Gentleman George (Deceased 2009)

Gentleman George ( Deceased 2009)


Offspring of note: Tiraumea Donegal and Tiraumea Curious George

George spent all his working life pulling logs out of the Native Bush while his owner worked at selective bush felling. George was out of ALICE, a half Clydesdale, half TB cross, & by MIRO, one of the line of Fergus O’Connor’s breeding. Such was George’s intelligence & personality,  he never needed the long reins to stop him or indicate the direction he was to turn.  Instead, the verbal command to ‘whoa’ was enough to halt him & stay put,  until given the word to move off again. Voice commands for turning left or right had him turning in the required direction, while “back up” had him stepping backwards & a simple “lift” would have him lift his hooves each in turn for inspection, without his handler even needing to hold the leg up.

Often George would be working in the chains along side a mare, not a problem for him, when at work you worked,  stallion or not.  When he came to us at age 18 years we weren’t sure how many years he would be working as a stallion serving our mares.  He surprised us,  his last foal being born just after he had been put down at age 25 years. Everyone who met George marveled at his fabulous unflappable nature, something he has passed on to his sons &daughters.  He certainly was as his name suggests, a gentleman, & one of the finest horses I have ever been fortunate enough to have been involved with.

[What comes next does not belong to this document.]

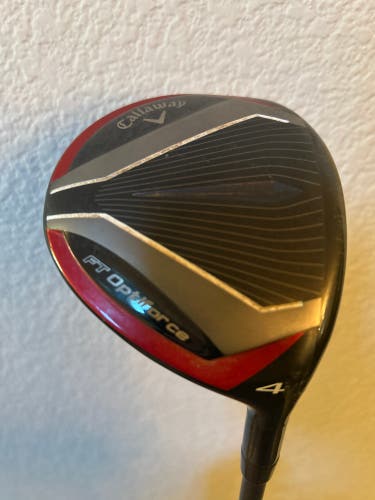 Callaway FT Optiforce Right Handed Fairway Wood Stiff Flex 4 Wood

His domain was not at the homestead, instead he lived about half a K away at the cattle yards with his favourite mare. When he first arrived he did spend some time in the house paddocks making his own arrangements,  jumping fences &gates (& the high tapes in front of gates), & going where ever he choose;  not the best when there were two other stallions, mares & foals & riding horses living there as well.   If there was one fault with him it was that he was the top horse, in his mind anyway, & he had no time or respect for other stallions or geldings.  In his world there was no room for any other male horse where he lived, whereas our other stallions are quite happy to live within the same area.  Perhaps it is because they have grown up together.

The freedom of the house paddocks was not to be his so that is when he moved around to the cattle yards paddocks.  He would stay there, most of the time, except when he felt it  necessary to check what was happening back around at the homestead, with that he would simply scale the cattleyards with no more than two strides and head home, only to be taken back around to the cattle yards again, until the next time..

His parting has left a very big gap to fill at Tiraumea, his colt son Bondi will have some very big shoes to follow on from.